6Avec le néo-classicisme qui mettait à l’honneur le relief, le point de vue unique l’emporta et resta la règle pour la majorité des sculpteurs du xixe siècle, de Rude et Préault à Maillol, Bernard et Bourdelle – pensons aux constructions quelque peu arbitraires d’éléments sans lien les uns avec les autres, que constituent Le Départ des Volontaires à l’Arc de Triomphe (Rude, 1833-1836), La Tuerie de Préault (1834) ou les reliefs du Théâtre des Champs-Élysées (Bourdelle, 1911).

7Dans la seconde moitié du xixe siècle, les compositions d’inspiration baroque retrouvèrent néanmoins leur prestige. Et si le groupe des Quatre Parties du monde à la Fontaine de l’Observatoire (Carpeaux, 1867-1874) offre l’exemple le plus achevé du principe de la ronde, cher à l’artiste, celui-ci s’efforça de le mettre en pratique aussi souvent que possible, y compris pour un groupe comme La Danse (1865-1869) pourtant destiné à se trouver devant un mur. Il faut comparer La Danse aux trois autres groupes qui ornent la façade de l’Opéra de Paris, pour sentir cette dimension nouvelle : certes, le groupe de Carpeaux se regarde de face mais, en jaillissant au centre de la ronde formée par six jeunes femmes et donc en arrière de leurs bras qui se joignent, le Génie de la Danse fait sentir que l’œuvre se détache de la surface murale pour prendre place dans l’espace.

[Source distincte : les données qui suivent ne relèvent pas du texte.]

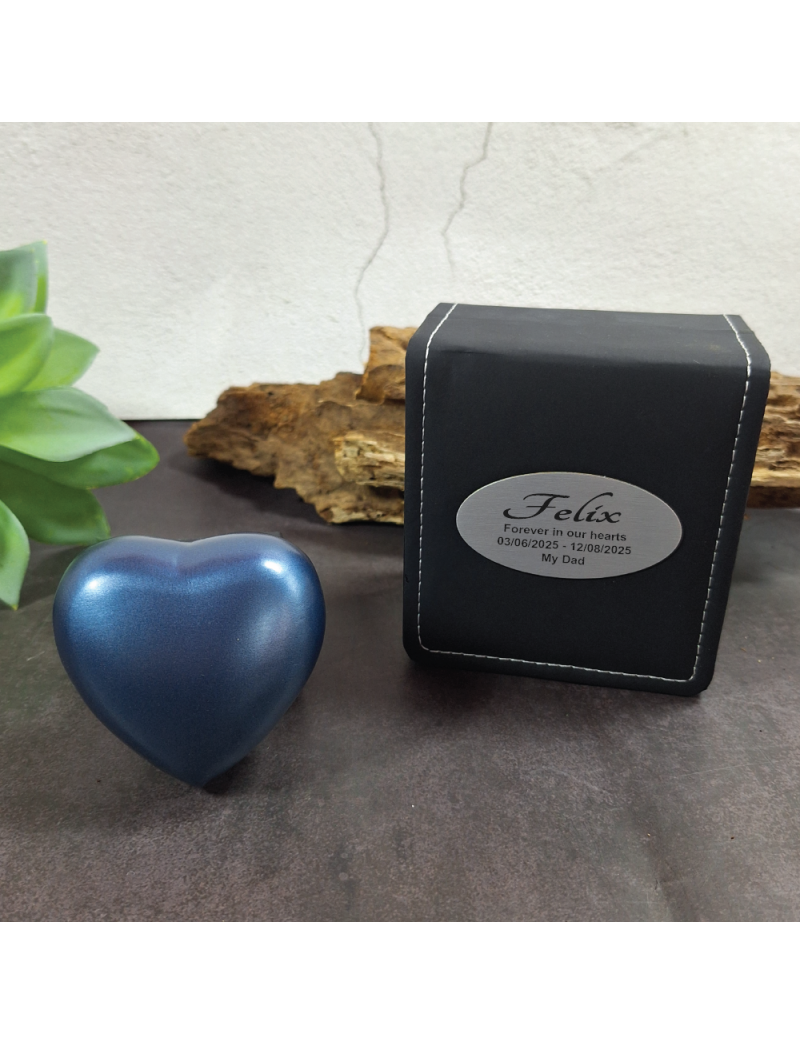 Baby Memorial Heart Urn For Ashes Denim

8Admirateur de Carpeaux, le Rodin des années 1880 chercha à son tour à faire sentir la troisième dimension, la profondeur. Pour lui, en effet, une sculpture devait être approchée de tous les côtés : « Lorsque je commence une figure, disait-il, je regarde d’abord la face, le dos, les deux profils de droite et de gauche [4]. » Et il recommandait de tourner autour de ses œuvres, de préférence en les éclairant avec une lampe afin de faire apparaître les profils successifs. D’eux-mêmes toutefois, L’Ombre, La Méditation ou Pierre de Wissant incitent le spectateur à accomplir ce périple : jouant comme le Prince impérial et son chien Nero de Carpeaux (1865, Paris, musée d’Orsay) sur des torsions qui se contrarient, ils investissent complètement l’espace.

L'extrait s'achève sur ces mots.